New York, de nos jours. Elizabeth Needham est policière du NYPD. Pour une enquête, elle contacte le professeur Dylan Reinhart , docteur en psychologie et enseignant à Yale. Celui-ci vit en couple avec son compagnon Tracy, qui est juriste. Leur principal souci actuel, c’est l’adoption. Ils ont le sentiment d’être face à une administration hostile, qui ne fait rien pour faciliter leurs démarches. Le Pr Reinhart accepte de suivre l’affaire traitée par la policière : Jared Louden, dirigeant d’un important fonds d’investissement, a été poignardé quelques jours plus tôt. Un vrai massacre, puisqu’il va s’avérer qu’il a reçu 352 impacts de couteau. Si Elizabeth Needham et le psychologue ne rencontrent que l’hostilité de la veuve, le professeur Reinhart imagine bien qu’ils sont face à un tueur hors norme. Il a même laissé un indice concernant sa prochaine victime : un roi de trèfle.

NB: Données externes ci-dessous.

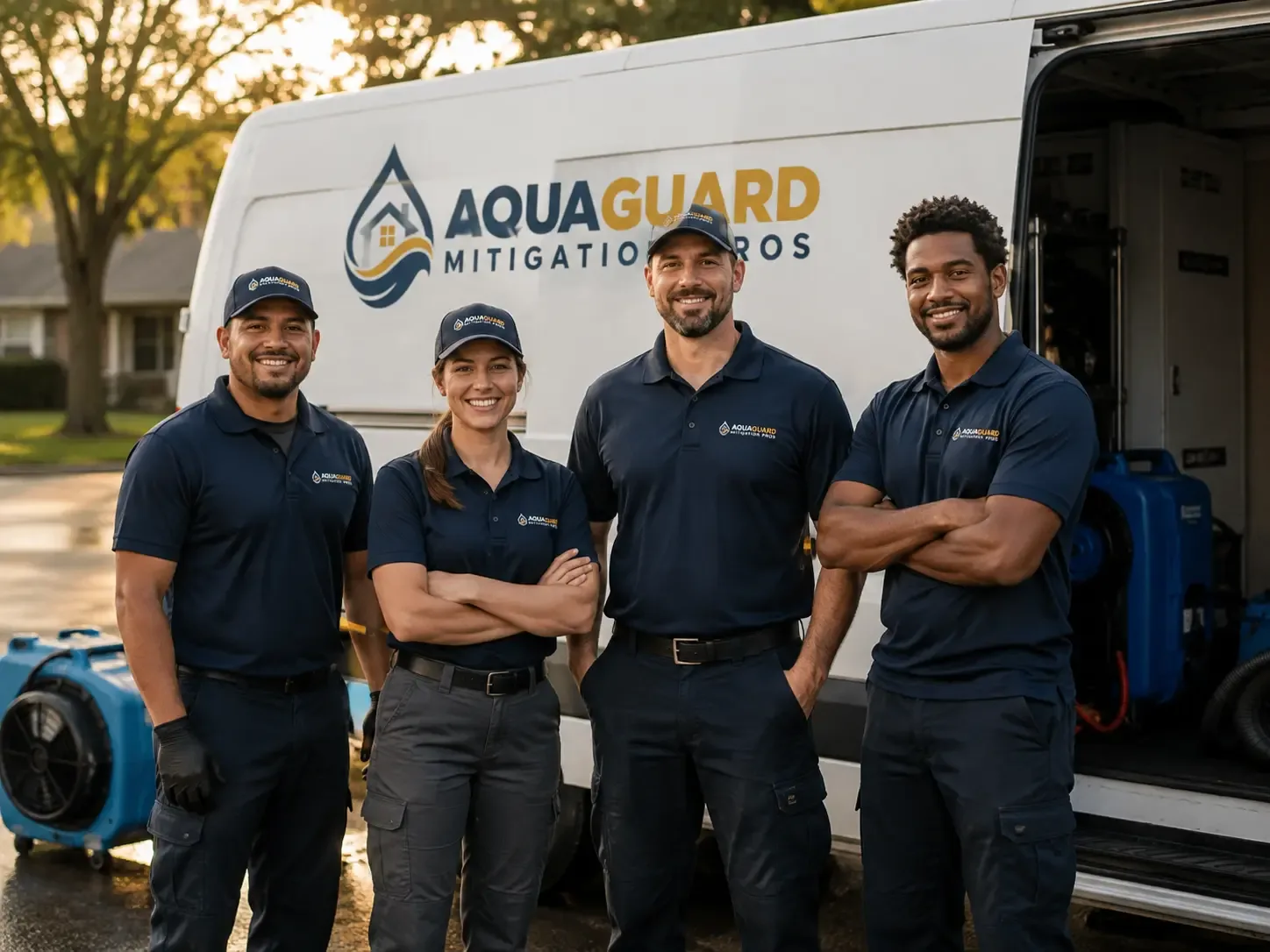 Water Damage Mitigation company in Baird, TX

Ce roi des night-clubs, c’est le jeune Bryce von Miller, un fêtard invétéré surnommé le Roi des Clubs. Il est probable que l’assassin l’ait attiré en lui offrant une drogue de sa fabrication, la Pulpe. Peu d’éléments, par ailleurs, pour Needham et Reinhart. Malgré la relative discrétion autour de ces deux premiers cas, le journaliste Allen Grimes ne tarde pas à s’intéresser à ces meurtres. Il promet de ne pas en révéler de trop, mais reste un reporter cherchant le sensationnel. Près du cadavre de Bryce von Miller, le tueur a déposé une nouvelle carte à jouer : le deux de cœur. Elizabeth rencontre le maire, Edward Deacon, qu’elle connaît bien pour lui avoir servi de garde du corps. La cote de popularité de ce dernier, qui fit de belles promesses sur la sécurité des citoyens, est en chute libre. Il va mettre la pression sur l’enquêtrice, d’autant que la série n’est sûrement pas close.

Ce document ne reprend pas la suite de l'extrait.